The state legislature enters a special session this week to finish the work of passing a budget bill. But this year, the nuts-and-bolts legislation has become a flash point for medical marijuana activists, some of whom oppose a budget rider that would regulate medical cannabis through the state liquor board—the same agency already tasked with overseeing the legal recreational pot market created by I-502.

On both sides of the argument are advocates concerned that the newly legal pot industry will spell doom for the currently tolerated, mostly unregulated gray-market medical pot shops, which have flourished in Washington over the past three years.

"It is our belief that medical cannabis needs regulation in order to survive," says dispensary operator John Davis, who heads the Coalition for Cannabis Standards & Ethics.

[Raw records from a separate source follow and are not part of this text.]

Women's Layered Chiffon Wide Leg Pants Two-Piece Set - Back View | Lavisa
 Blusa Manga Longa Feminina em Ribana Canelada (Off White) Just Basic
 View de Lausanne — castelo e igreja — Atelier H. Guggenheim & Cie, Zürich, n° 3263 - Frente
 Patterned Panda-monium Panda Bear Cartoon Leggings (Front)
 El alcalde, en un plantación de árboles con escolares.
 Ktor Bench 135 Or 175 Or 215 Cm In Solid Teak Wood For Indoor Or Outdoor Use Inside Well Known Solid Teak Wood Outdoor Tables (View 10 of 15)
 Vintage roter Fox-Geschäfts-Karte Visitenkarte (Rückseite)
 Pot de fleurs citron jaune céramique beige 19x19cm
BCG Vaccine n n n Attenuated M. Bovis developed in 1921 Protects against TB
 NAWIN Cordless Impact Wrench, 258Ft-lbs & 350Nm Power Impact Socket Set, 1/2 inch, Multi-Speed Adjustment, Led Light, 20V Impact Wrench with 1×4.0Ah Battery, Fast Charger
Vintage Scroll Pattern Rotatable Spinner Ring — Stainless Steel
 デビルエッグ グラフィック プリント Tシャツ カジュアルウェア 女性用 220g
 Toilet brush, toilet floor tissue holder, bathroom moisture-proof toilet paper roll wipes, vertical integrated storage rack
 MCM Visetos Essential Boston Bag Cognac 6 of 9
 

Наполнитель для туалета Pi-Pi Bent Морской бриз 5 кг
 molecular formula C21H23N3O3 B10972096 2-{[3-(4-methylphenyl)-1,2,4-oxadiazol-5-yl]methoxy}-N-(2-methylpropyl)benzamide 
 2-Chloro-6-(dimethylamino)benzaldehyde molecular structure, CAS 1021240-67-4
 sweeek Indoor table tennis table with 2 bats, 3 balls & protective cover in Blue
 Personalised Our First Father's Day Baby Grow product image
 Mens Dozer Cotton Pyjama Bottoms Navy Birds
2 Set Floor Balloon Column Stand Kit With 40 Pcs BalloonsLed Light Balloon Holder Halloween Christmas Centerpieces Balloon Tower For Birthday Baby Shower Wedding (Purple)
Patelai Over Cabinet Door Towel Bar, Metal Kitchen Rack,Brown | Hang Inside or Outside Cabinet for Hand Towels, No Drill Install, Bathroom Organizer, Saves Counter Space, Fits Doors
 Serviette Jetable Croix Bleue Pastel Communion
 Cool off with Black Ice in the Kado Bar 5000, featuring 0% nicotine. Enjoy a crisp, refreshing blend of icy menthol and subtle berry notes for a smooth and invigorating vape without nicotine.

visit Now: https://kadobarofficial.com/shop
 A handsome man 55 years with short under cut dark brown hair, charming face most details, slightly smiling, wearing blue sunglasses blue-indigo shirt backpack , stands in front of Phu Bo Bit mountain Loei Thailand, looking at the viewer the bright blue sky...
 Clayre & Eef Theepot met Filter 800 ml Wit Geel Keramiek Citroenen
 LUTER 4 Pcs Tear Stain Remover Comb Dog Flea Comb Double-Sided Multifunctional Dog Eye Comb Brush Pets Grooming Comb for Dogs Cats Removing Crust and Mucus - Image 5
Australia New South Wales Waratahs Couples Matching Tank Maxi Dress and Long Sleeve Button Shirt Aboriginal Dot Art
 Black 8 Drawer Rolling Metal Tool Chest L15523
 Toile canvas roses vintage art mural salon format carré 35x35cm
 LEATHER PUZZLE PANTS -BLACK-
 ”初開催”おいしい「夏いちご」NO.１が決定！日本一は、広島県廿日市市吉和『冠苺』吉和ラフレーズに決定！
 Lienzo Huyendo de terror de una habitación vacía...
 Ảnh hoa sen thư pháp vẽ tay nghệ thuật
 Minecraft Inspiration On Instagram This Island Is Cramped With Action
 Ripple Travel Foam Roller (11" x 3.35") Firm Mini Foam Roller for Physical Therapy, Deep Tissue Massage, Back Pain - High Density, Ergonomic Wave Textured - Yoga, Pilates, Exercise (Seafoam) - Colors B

The group argues that, absent some form of official recognition in law, tolerance for medical cannabis sales will fade when the industry is viewed in comparison to state-licensed shops, and that could lead to stepped-up enforcement against dispensaries.

But dispensary owners on the other side of the argument fear that the medical marijuana amendment is a ploy to ban unlicensed medical cannabis production and drive them out of business. "They plan on making us conform to the I-502 model," says dispensary operator Steve Sarich. "The liquor control board already made it clear that we are competition. What better way to get rid of the competition?"

The budget amendment is modeled on the recently rejected SB 5887, a bill that elicited significant opposition, including the Washington Association of Sheriffs and Police Chiefs and the ACLU of Washington, both of which suggested the legislature wait for the I-502 rules process to play out. The ACLU opposes the budget rider as well, says drug policy director Alison Holcomb.

The current legislation will have no public hearing. Sarich, who is part of a group organizing a protest next Tuesday at the state capitol, calls that intentional. "They knew they couldn't pass SB 5887, so they put it into a budget amendment that the legislature is likely to pass."

Davis dismisses Sarich's rhetoric: "If you think you'll be able to sell medicine without any regulation, without any consumer protection, you're just deluding yourself." recommended

The medical cannabis budget rider protest is scheduled for Tuesday, May 21, at noon at the sundial on the state capitol grounds.